Arthur Barros wrote:

.....he said something along the lines of "I trust your work" and paid without hesitation, even before I sent him the translation.


Very dodgy. Are you sure you know this person very well and trust them? There have been frequent discussions in these forums about translators being used to recycle money.

I would be very suspicious about anyone who tried to pay money into my bank account before I had done any work for them.

On this occasion your client may only have paid in the correct amount but the precedent has been established that he can do this.

I suggest you politely advise him/her that for tax and accounting reasons, he should not pay you until he has actually received your invoice.

[Edited at 2016-04-19 09:40 GMT]


 

Sheila Wilson  Identity Verified
Spain
Local time: 17:17
Member (2007)
English
+ ...
Direct client or agency - not a vast amount of difference Apr 19, 2016

Arthur Barros wrote:
how does one properly charge a direct client without it becoming awkward? (For example, asking them to pay before you send the translation, while they ask you to send the translation first).

There's absolutely no call for awkwardness. You're running a business; they want to buy what you're selling. I treat agencies and direct business clients in pretty much the same way, as they are both B2B transactions, but then I don't have much to do with those agencies who "do everything for you", a.k.a. taking away your rights to run your business in your own way and treating you like an employee without the perks of an employment contracticon_smile.gif. I rarely ask for an advance unless the first job is a very large one - and I don't normally allow that much risk. I check them out as fully as I can, or as fully as I see fit, and then give them 30 days' credit terms. That's the normal B2B arrangement for many transactions around the world and it's always worked for me.

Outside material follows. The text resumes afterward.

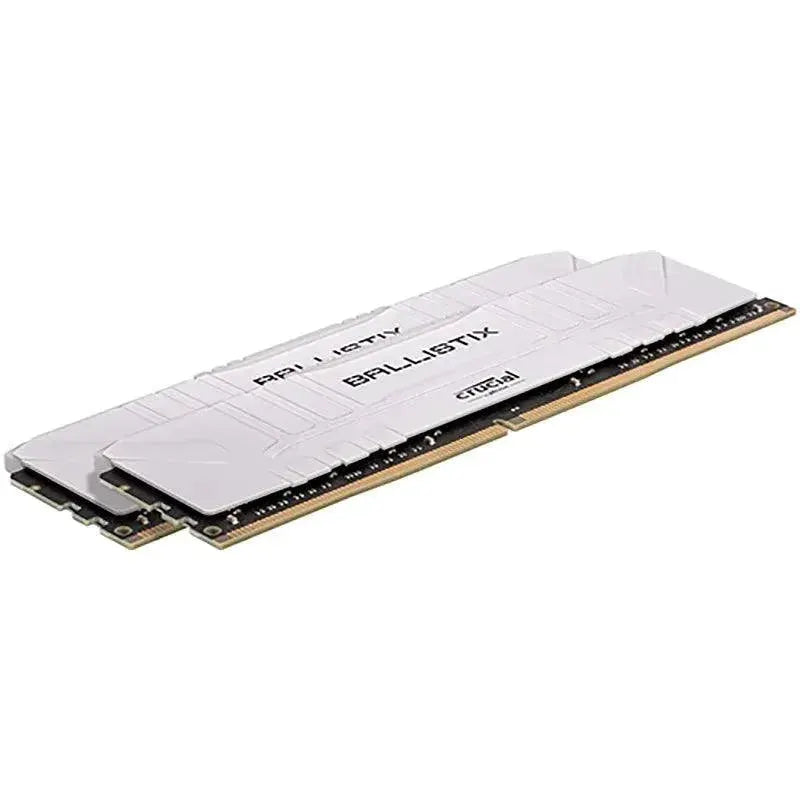 Crucial Ballistix Platinum DDR4 RAM Ultimate Gaming Memory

However, direct clients who are commissioning work as private individuals (business to consumer transactions - B2C) are rather different. They can be difficult to sue; they have no reputation to uphold; and anyway, they're used to paying up front. It's wise to ask for at least a percentage of the full cost before you start work. But Tom's warning is valid - if they are too anxious to pay then be very wary, and if they send too much then DO NOT under any circumstances accept it. You will more than likely find it has zero value; any money you refund will actually leave you out of pocket; and you could actually be charged with money laundering or even financing terrorism.

I imagine I would have to make the direct client sign some kind of clause, but I have no idea how to go about it.

There's no more and no less reason to do this with a direct client than with an agency. I never ask my clients (of either type) to sign anything, and very few of the agencies I work with ask for a signature on a service agreement. There are quite often NDAs to sign but they would come from the client anyway. I personally always consider myself bound by the normal terms of an NDA even if one doesn't exist. What's really important is to put your terms down in black and white and get their explicit acceptance before you do the first job. And for every job, get their authorisation to proceed. This has to be formal at the start of a relationship but can reduce to "Can you do this?"; "Sure, I'll deliver on Monday". All the paperwork can be used in court to prove that this was a contractual relationship and your client agreed to your work in return for payment.

Do you use any kind of payment processor, to make the transaction safer?

I like to be reasonably sure that things will go well even before I accept the translation. Sorting out the mess later on when the client doesn't pay is (a) time-consuming and (b) costly. AFAIK, there is no payment processor that guarantees anything, at least not one that allows you to keep 100% of your hard-earned fee.


 

Jennifer Forbes  Identity Verified
Local time: 17:17
Member (2006)
French to English
+ ...
Send him your invoice Apr 19, 2016

I don't think that there's NECESSARILY anything "dodgy" about Arthur's direct client paying the correct amount so promptly. If the amount paid had been more than the amount due there would be cause for caution, of course.
As I see it, Arthur should send his invoice to the client anyway, for good order's sake, perhaps mentioning that, for any future work, he does not expect payment until the translation has been delivered.
I have occasionally been paid in advance by a new client for whom I haven't worked before, sending my invoice with the translation. As far as I know, there wasn't anything "dodgy" about the transaction.


 

Andrea Muller  Identity Verified
United Kingdom
Local time: 17:17
English to German
+ ...
Depends on whether client is a business or an individual Apr 19, 2016

I use a different approach for individuals and business clients/organisations.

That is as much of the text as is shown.